» EXERCISE DIRECTIONS:
An exact copy of the data is required, with no pictures in it.

» RECORDED INFORMATION:
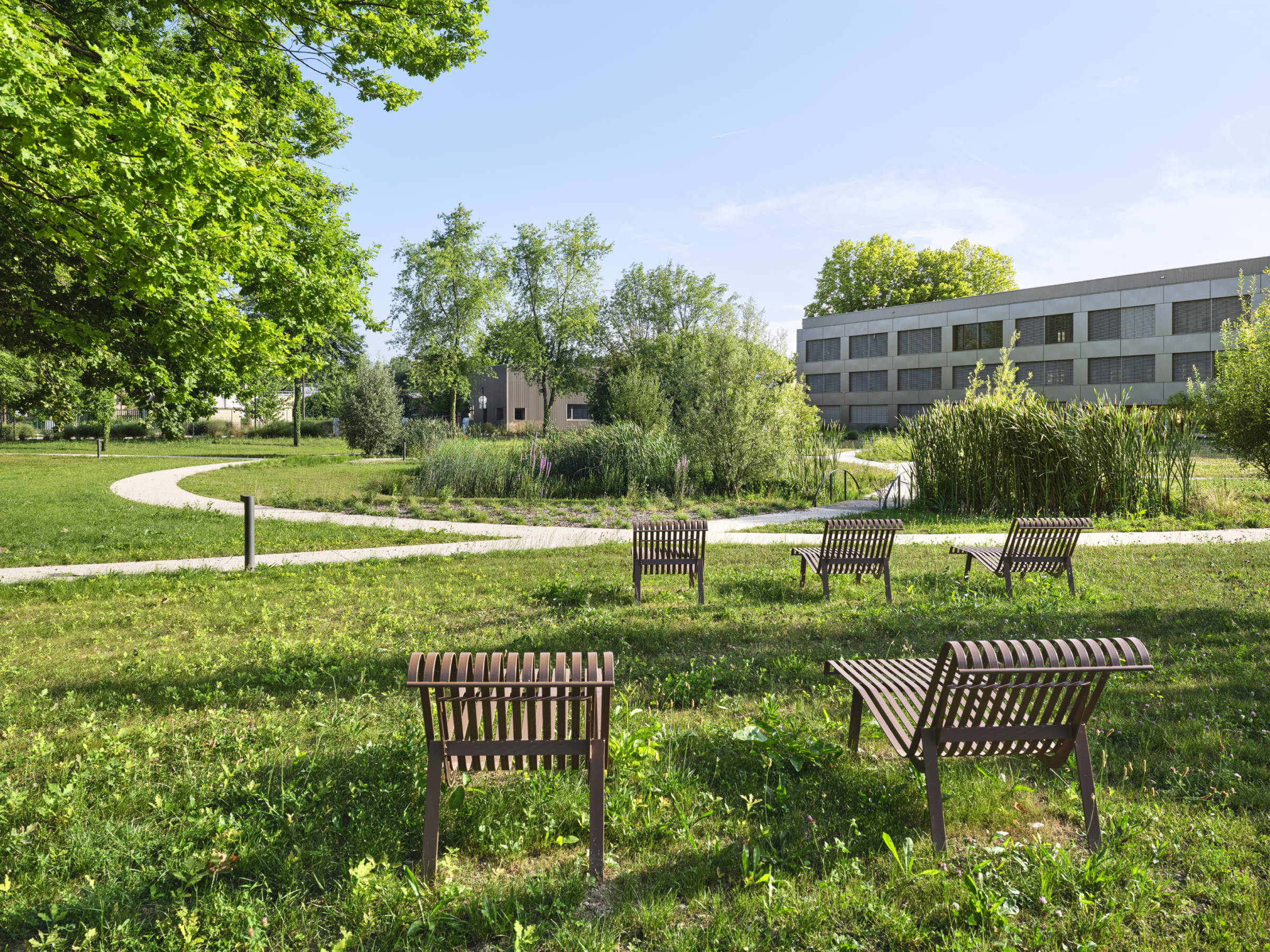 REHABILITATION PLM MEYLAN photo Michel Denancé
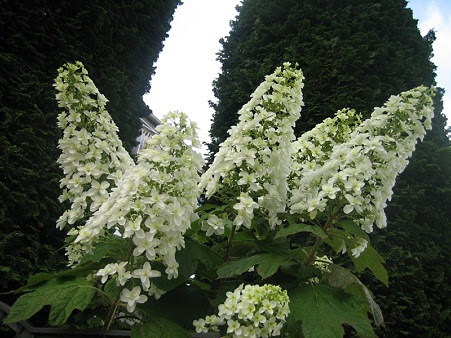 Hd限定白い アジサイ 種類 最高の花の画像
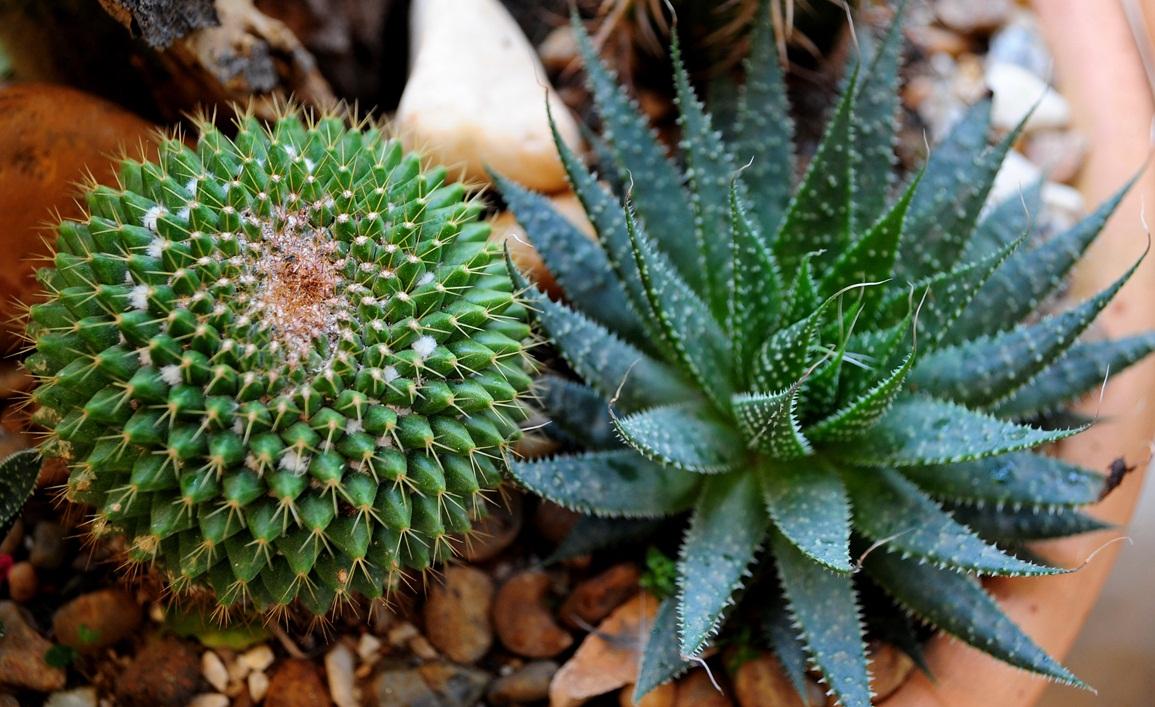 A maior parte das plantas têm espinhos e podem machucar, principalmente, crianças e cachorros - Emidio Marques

» ANSWER BOX:
 REHABILITATION PLM MEYLAN photo Michel Denancé
 Hd限定白い アジサイ 種類 最高の花の画像
 A maior parte das plantas têm espinhos e podem machucar, principalmente, crianças e cachorros - Emidio Marques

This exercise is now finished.